Take advantage of the free S3 transfers. This is a biggy. Our workers get and put almost all of their bytes to/from S3.
Thats indeed a biggy … i am designing an application that needs to process loads of pdfs, so EC2/S3 looks perfect for that. But most of our audience is in europe and for us S3-EU is like 10 times faster than S3-US. I just wish amazon would make EC2 available in the european datacenters too, so we could benefit from the free EC2-S3 traffic.
Is open sourcing Skynet at any point in your future plans? It looks like a really cool piece of code.
For your question “Why no webservers?” – there are several more specialized clouds from vendors other than EC2 which are better tailored for web hosting. For example, in the US: MediaTemple, Mosso, GoGrid and in the UK: ElasticHosts, FlexiScale.
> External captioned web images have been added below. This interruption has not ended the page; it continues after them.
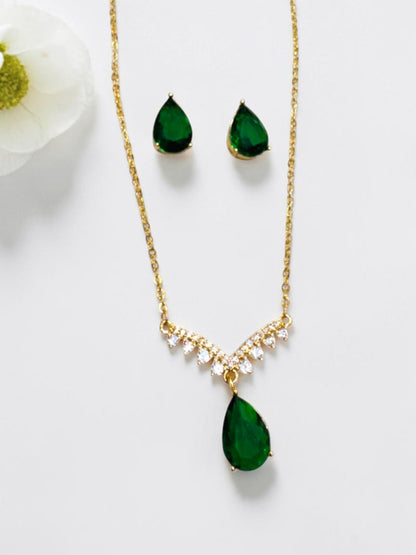 GREEN DROP DIAMOND CLARA NECKLACE SET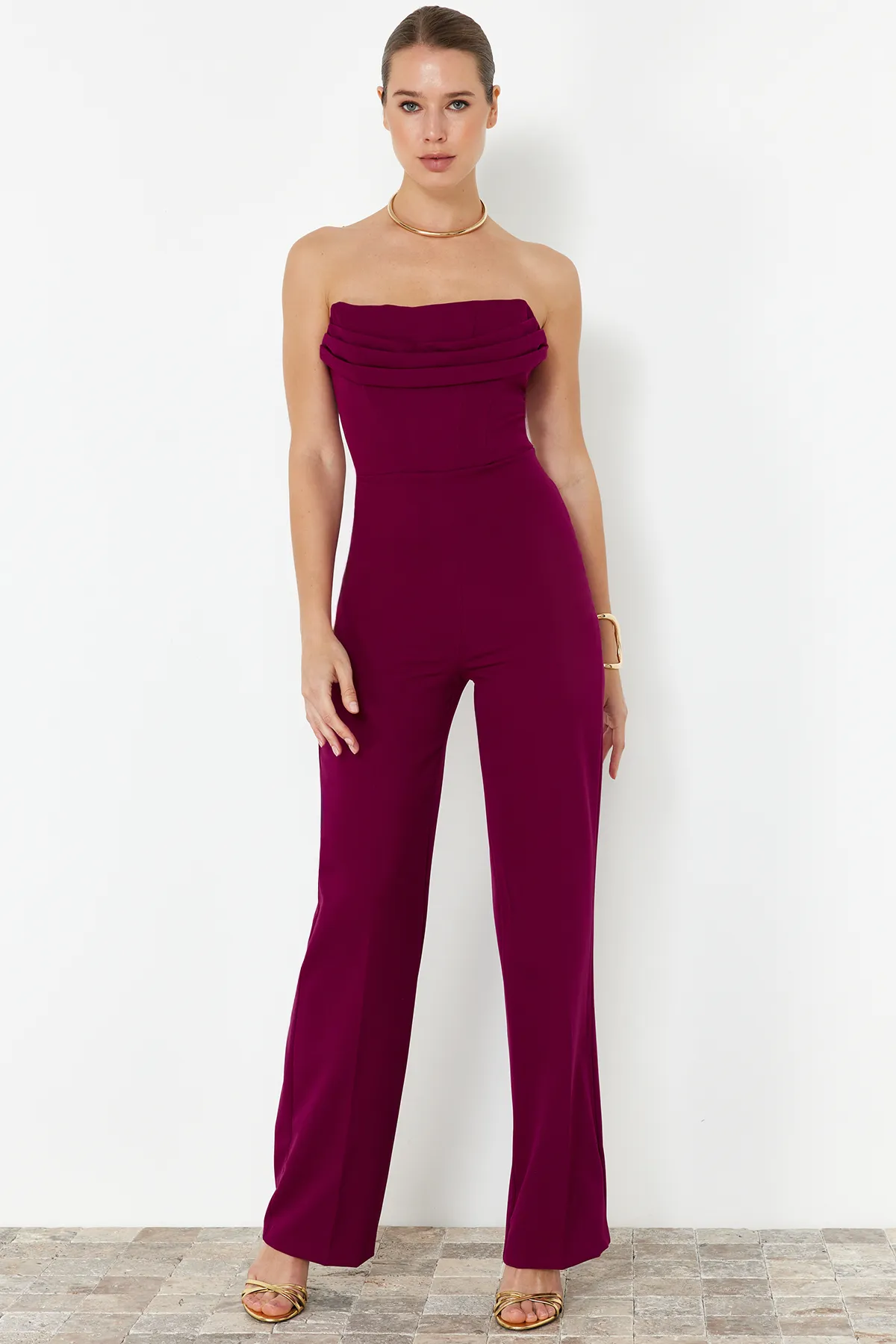 Trendyol Collection  Pflaumenfarbener gewebter Jumpsuit mit Korsettdetail TPRSS24TU00002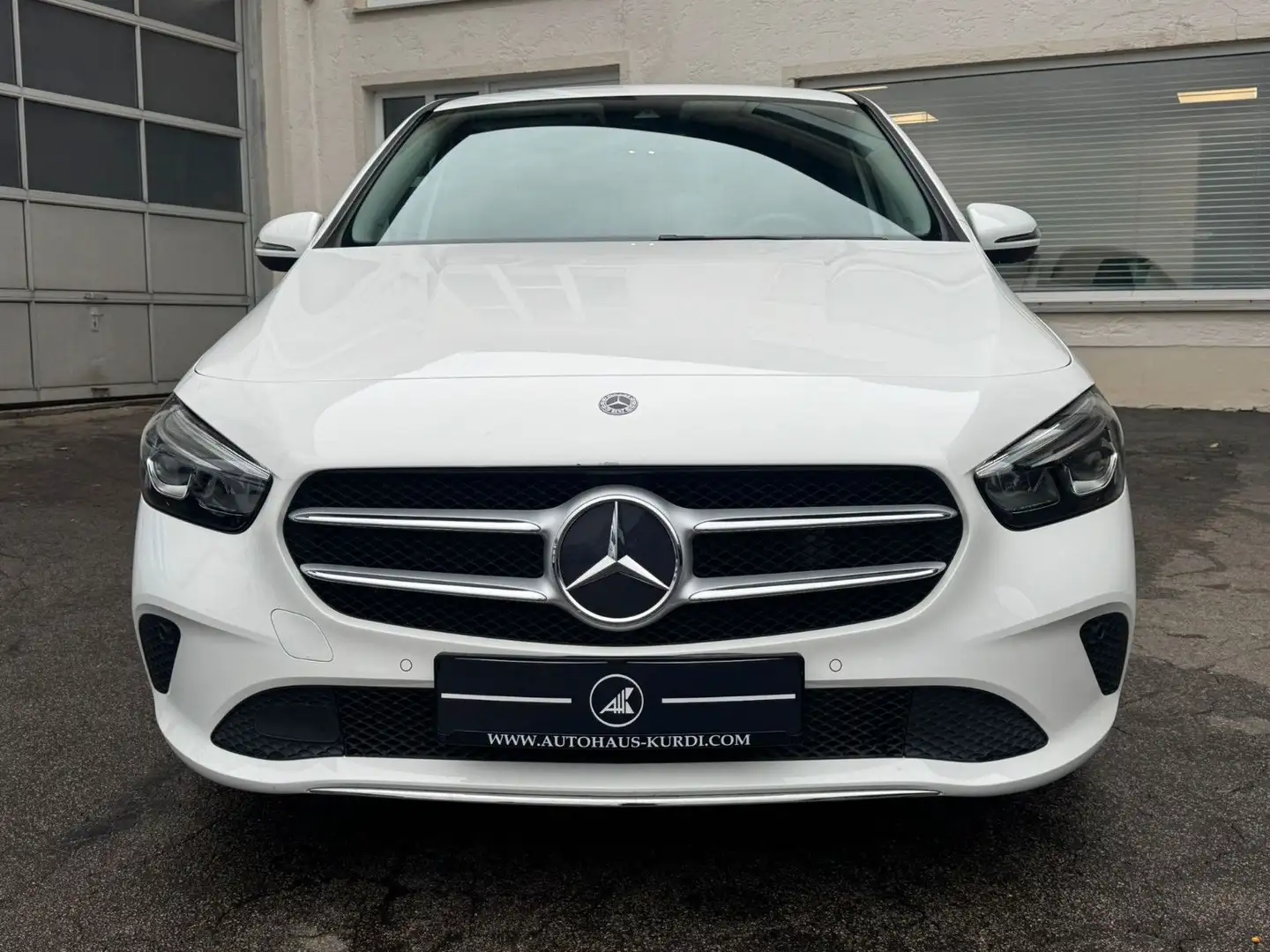 Mercedes-Benz B 180 B180 Style TEMP SHZ NAVI LED CARPLAY PDC KLIMAA. Blanc - 2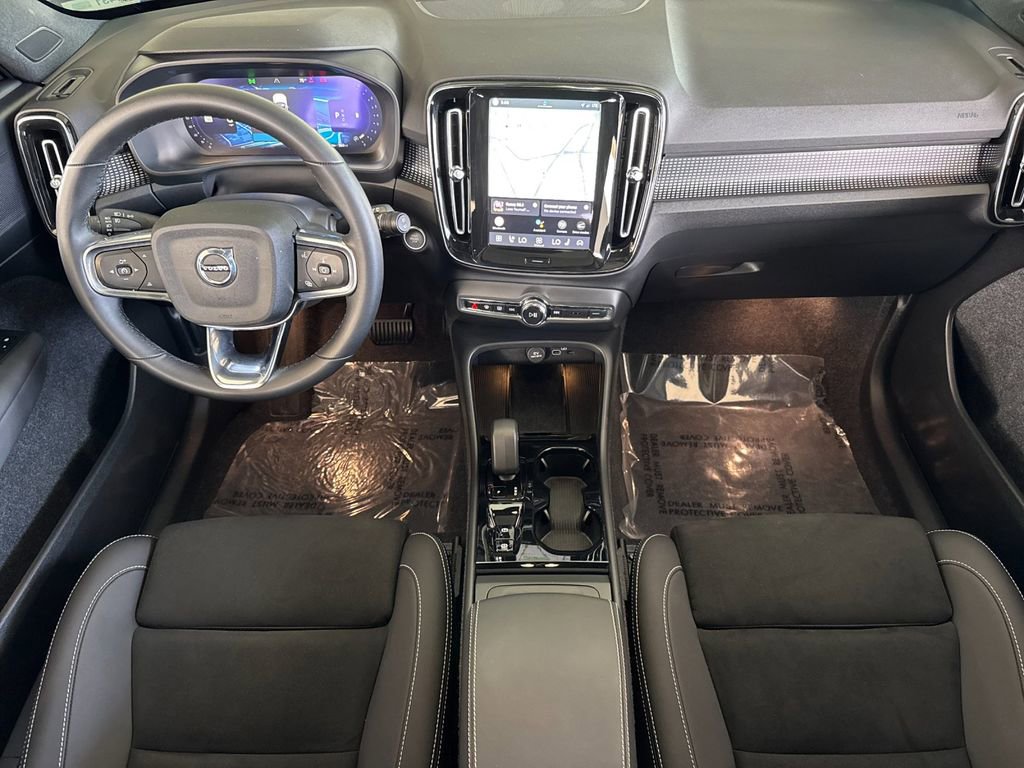 Certified 2025 Volvo XC40 B5 Plus image 12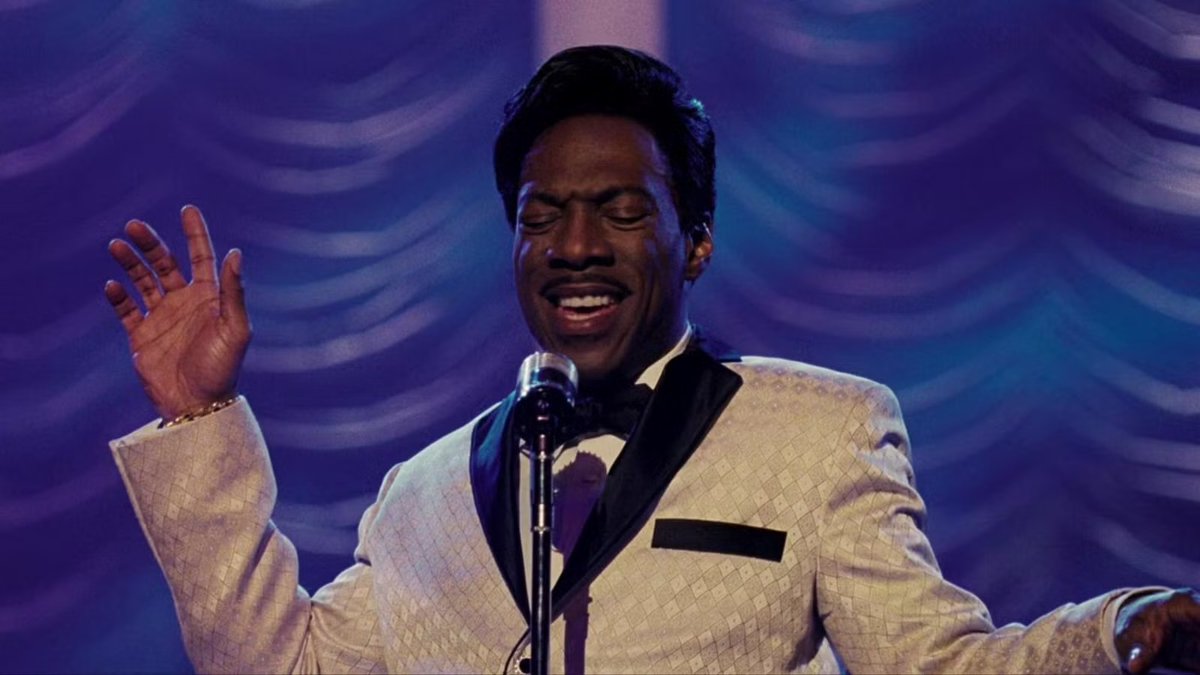 VHSDVDBLURAY4K's tweet photo. Jamie Foxx Says an Extra was kicked off ‘Dreamgirls’ after Eddie Murphy finished a scene and the extra loudly said in dead silence “Ain’t that the Donkey from Shrek” 😭😭😭 https://t.co/cTAsndWNqk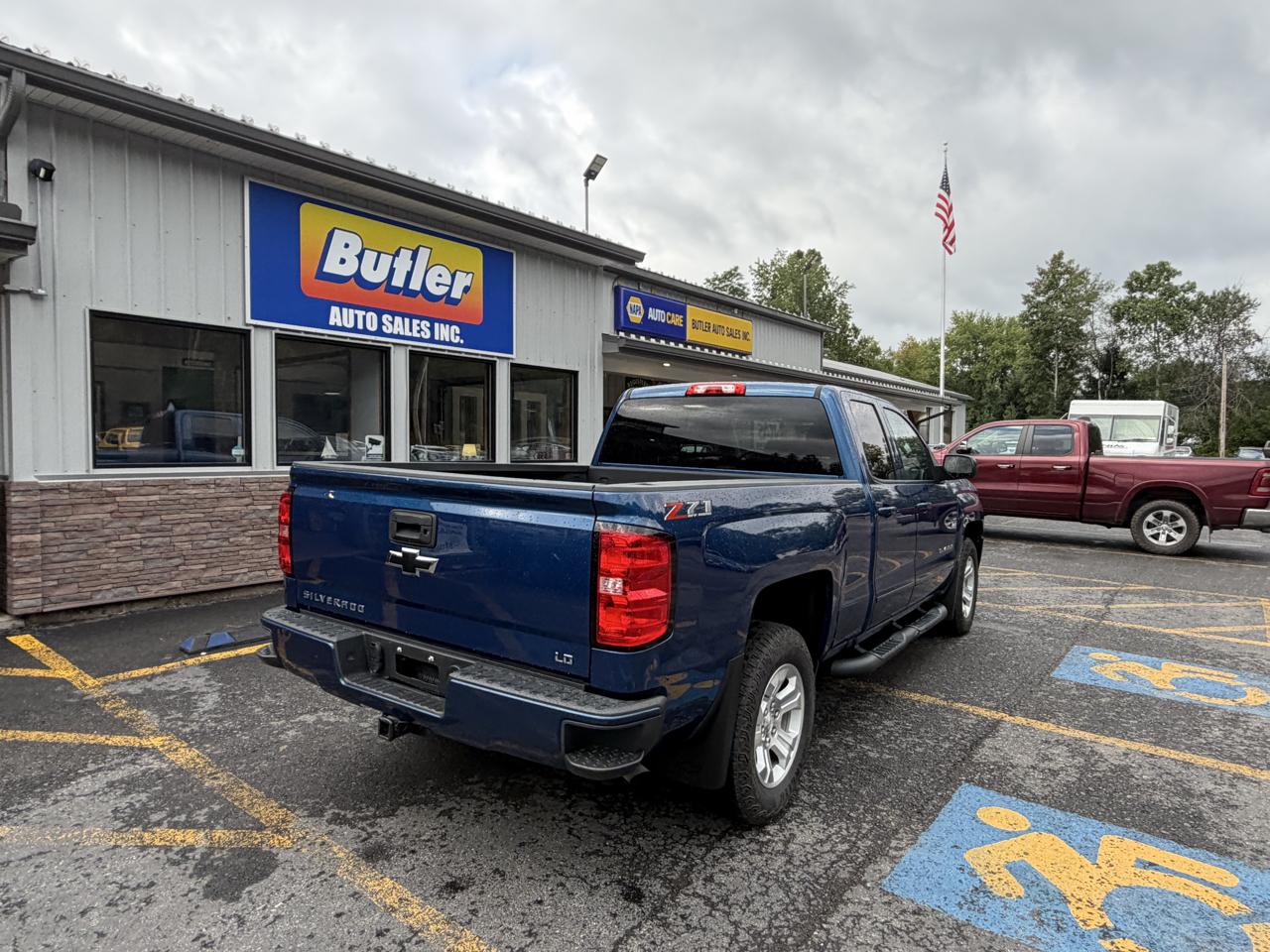 Chevrolet Silverado 1500 Z71 Ext Cab 4WD 4D 2019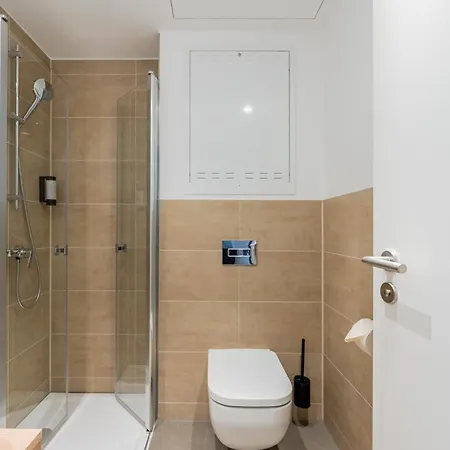 Nena Adlershof 3*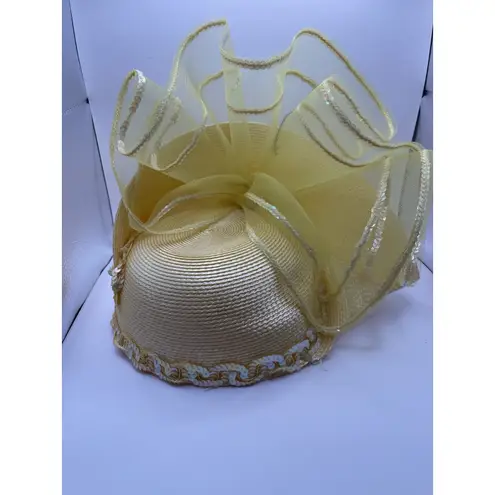 Vtg SWAN HAT Yellow Accented Cloche Church Derby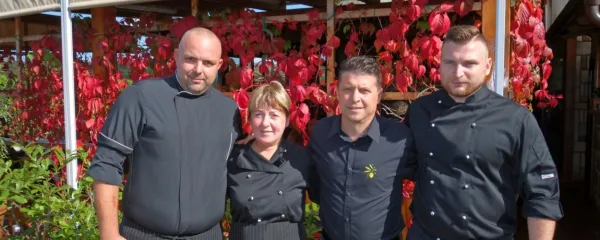 Bojan Cepovič (drugi z desne) z ogrodjem kuharske ekipe v Oljki: 
Petrom Lukićem, Sanelo Lujić in Sanelom Kazićem (z leve).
What I still wonder, what is the driving technology behind smugmug? Is it php only? Java based? Something different?
Don,
How are you dealing with eventual consistency delays? We’re seeing several minute delays between injecting a key and being able to get it. I realized there’d be some delay…but minutes make things more interesting.
All your Amazon posts have been great, and have helped us model our own approach from your experience. The one question I have is how you handle backing-up S3? I think in one of your previous posts I read that you use them as your primary storage, but haven’t read anything about backups. I’m trying to formulate our own backup strategy, but I’d be interested in any ideas or experiences you could share.